I’m quite fond of reflecting on the year that’s gone by at this time of the year, and my favourite way of doing so is by looking back on the music I’ve added to my library over the past twelve months. These tunes have provided the soundtrack to my year, whether they’ve been omnipresent on the radio or I’ve listened to them a lot on my iPod, so I quite enjoy listening to a playlist of the best of them in the week between Christmas and New Year.
I’ve made a top forty list for four years now; you can find my lists for 2010, 2011 and 2012 elsewhere on the blog, but without quite the explanations as you’ll find here.
The list includes some songs that weren’t released in the last year, but I’ve only added to my iTunes library this year, and are ‘new’ to me.
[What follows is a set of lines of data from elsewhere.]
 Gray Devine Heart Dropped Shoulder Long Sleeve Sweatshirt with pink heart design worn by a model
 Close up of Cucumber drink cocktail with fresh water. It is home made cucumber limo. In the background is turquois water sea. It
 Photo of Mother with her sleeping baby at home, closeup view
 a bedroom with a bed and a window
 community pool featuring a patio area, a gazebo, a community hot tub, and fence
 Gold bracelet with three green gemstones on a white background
The list is based in part on how many times I’ve played the song and when I added it to my library; so that songs that I added to my library near the end of the year still have a chance. In saying that, some songs that I added to my library (like CHVRCHES’ new album) will appear on next year’s list instead of this year’s, to give them a chance to show how good they are.
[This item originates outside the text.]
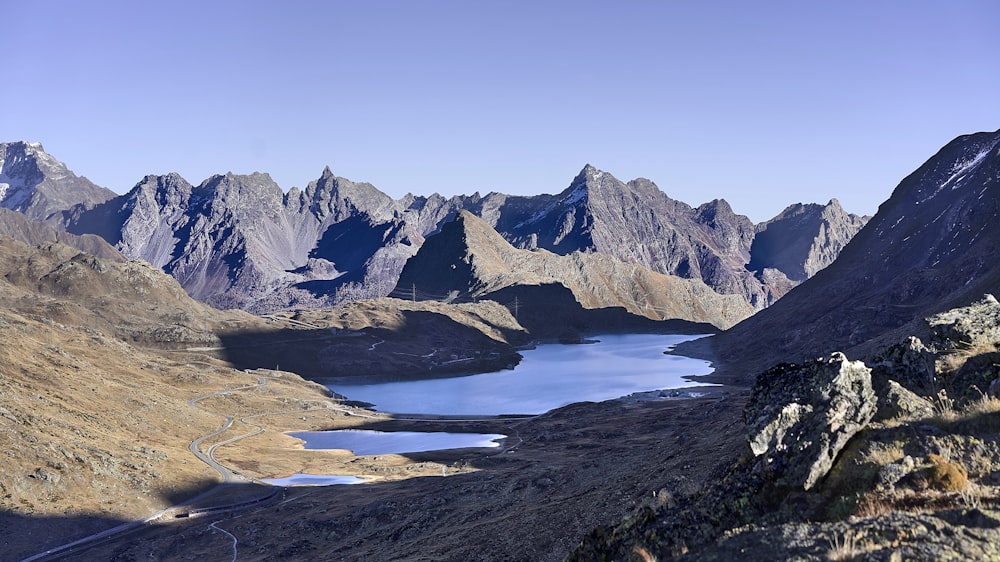 body of water by mountains during daytime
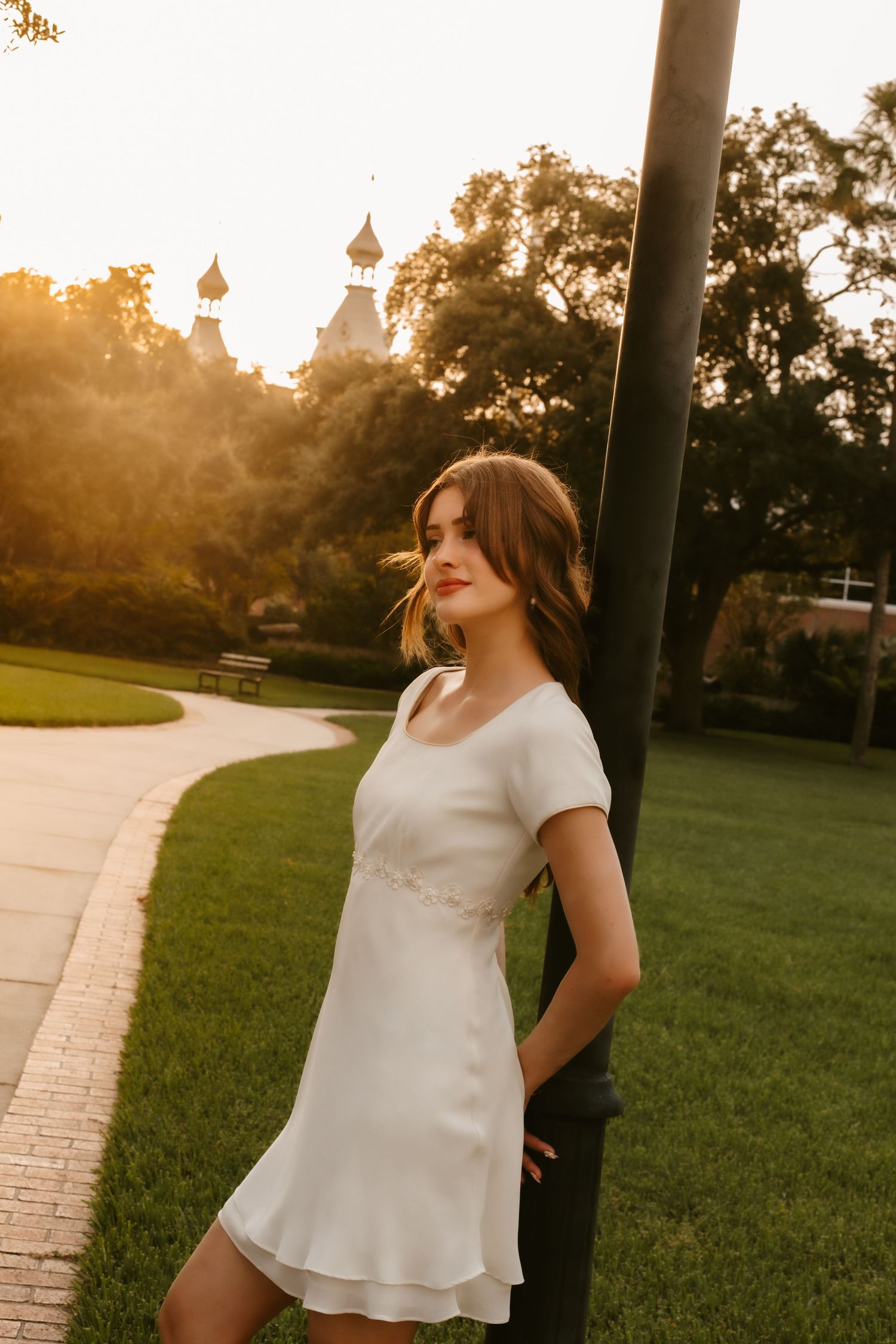 Elegant woman in white mini dress stands by black lamp post at golden hour in scenic park setting.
So without much further ado, here are my top forty songs of 2013 in reverse order:
40. Bakermat – “Leven” (2012)
A pretty obscure song from a Belgian producer, it’s a great feel good song that belongs to montages at the end of summer events, like Glastonbury or Wimbledon. A brilliant horn melody, and a simply soothing sound make it a great track to listen to.
39. Chairlift – “I Belong In Your Arms” (2012)
The first I’d heard of Chairlift was a few years ago, when I was introduced to the beautiful “Bruises”, but hadn’t heard anything from them until this song late last year. A simple love song, with beautiful vocals and a catchy, synthy background beat as well.
38. Brodinski – “Dance Like Machines” (2012)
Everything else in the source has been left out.